A transição da China de consumidora intensiva de combustíveis fósseis para outras fontes renováveis deve resultar em cortes de produção nas indústrias de aço e alumínio. Ao mesmo tempo, novas commodities metálicas entram na pauta de importação do país, visando alcançar eficiência de energia.
“O cobre, por exemplo, é um componente importante dos veículos elétricos e dos sistemas de energia solar e eólica”, diz Júlia Passabom, do Itaú. Segundo estimativas do banco, a demanda pelo metal básico pode ultrapassar 2 milhões de toneladas em 2025, de menos de meio milhão de toneladas em 2015.
Outros elementos químicos também usados para projetos de energia limpa - como lítio, níquel e vanádio - podem receber um impulso extra, diante de uma demanda sustentável e cada vez maior no cenário à frente.
Tal dinâmica tende a sustentar preços mais altos dessas commodities. Mas isso não significa que o preço do minério de ferro negociado no mercado internacional tende a recuar. “A Vale ainda não voltou aos níveis de produção pré-Brumadinho. Há um gargalo”, explica a economista. Para o Itaú, a cotação do principal produto exportado pela Vale deve seguir acima de US$ 100 por tonelada, diante do balanço apertado entre oferta e demanda.
Ao mesmo tempo, o compromisso de Pequim em atingir a neutralidade em dióxido de carbono até 2060 faz com que perca apelo no médio prazo o petróleo exportado pela Petrobras à China, que só em 2020 importou mais de 60% do óleo extraído pela petrolífera. Mas a preferência chinesa por combustíveis não fósseis será crescente, principalmente depois de atingir o pico de emissão de carbono até 2030. A partir daí, a tendência para o preço da commodity é de baixa.
A promessa do presidente chinês, Xi Jinping, sobre a redução de carbono, conhecida como “Meta 3060”, está relacionada ao desenvolvimento sustentável do país. “Não é apenas um requisito regulamentar, técnico ou financeiro, mas um requisito político. E não se deve subestimar a resolução de Pequim sobre isso”, afirma o pesquisador e criador da newsletter Pekingnology, Wang Zichen.
Essa perspectiva tende a potencializar o impacto negativo na estatal já advindo de fatores políticos internos, representando um risco adicional às ações da petrolífera.

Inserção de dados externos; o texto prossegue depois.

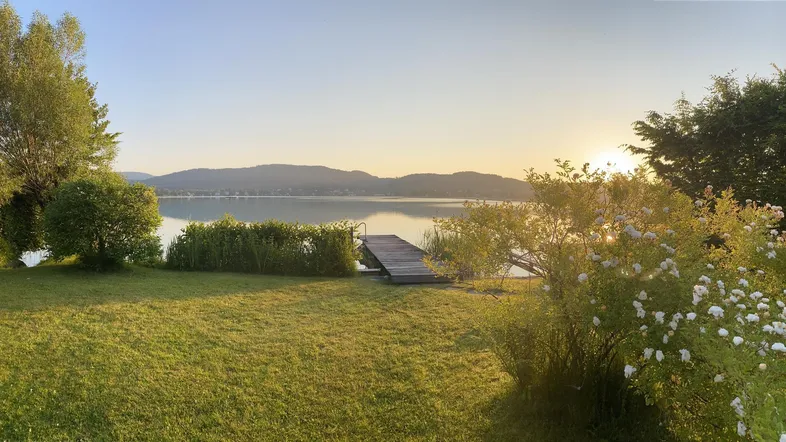 Idyllischer Gartenbereich mit direktem Seezugang und Steg bei Sonnenuntergang, umgeben von grüner Natur und Bergen.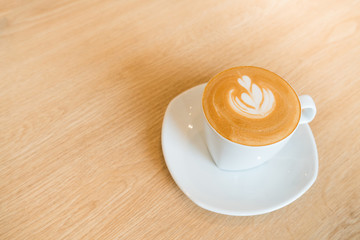 Heart drawing on cappuccino art coffee cup with copy space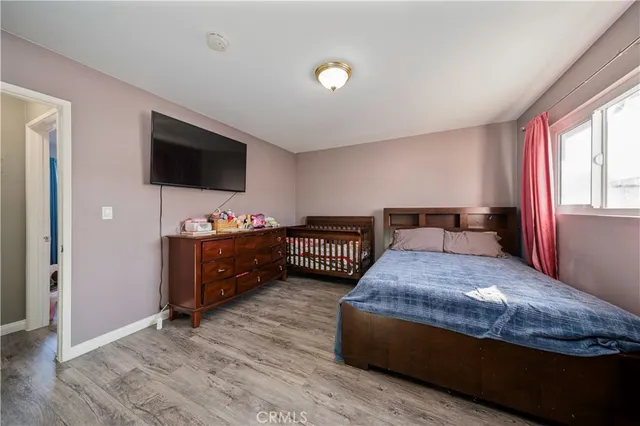 a bedroom with a bed and a flat screen tv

Júlia, do Itaú, lembra que a alta recente nos preços do petróleo foi influenciada pela inesperada decisão da Organização dos Países Exportadores (Opep) e parceiros de prorrogar os os cortes de produção até abril, levando o barril para perto de US$ 60.
“São questões de curto prazo na oferta, que não opera com capacidade total”, explica a economista, referindo-se tanto ao minério de ferro quanto ao petróleo. Com isso, Júlia avalia que os preços dessas commodities devem seguir mais altos até que oferta e demanda se equilibrem, mas dificilmente o petróleo irá voltar aos picos históricos, na casa dos US$ 100.
Segundo a economista, esses fatores pontuais de restrição justificam preços mais altos, mas que não devem durar no longo prazo, à medida que oferta e demanda voltarem aos níveis pré-pandemia. “Não houve uma disrupção da cadeia global. Há um descasamento brutal entre oferta e demanda, que ficou bastante atrapalhada com a covid-19.”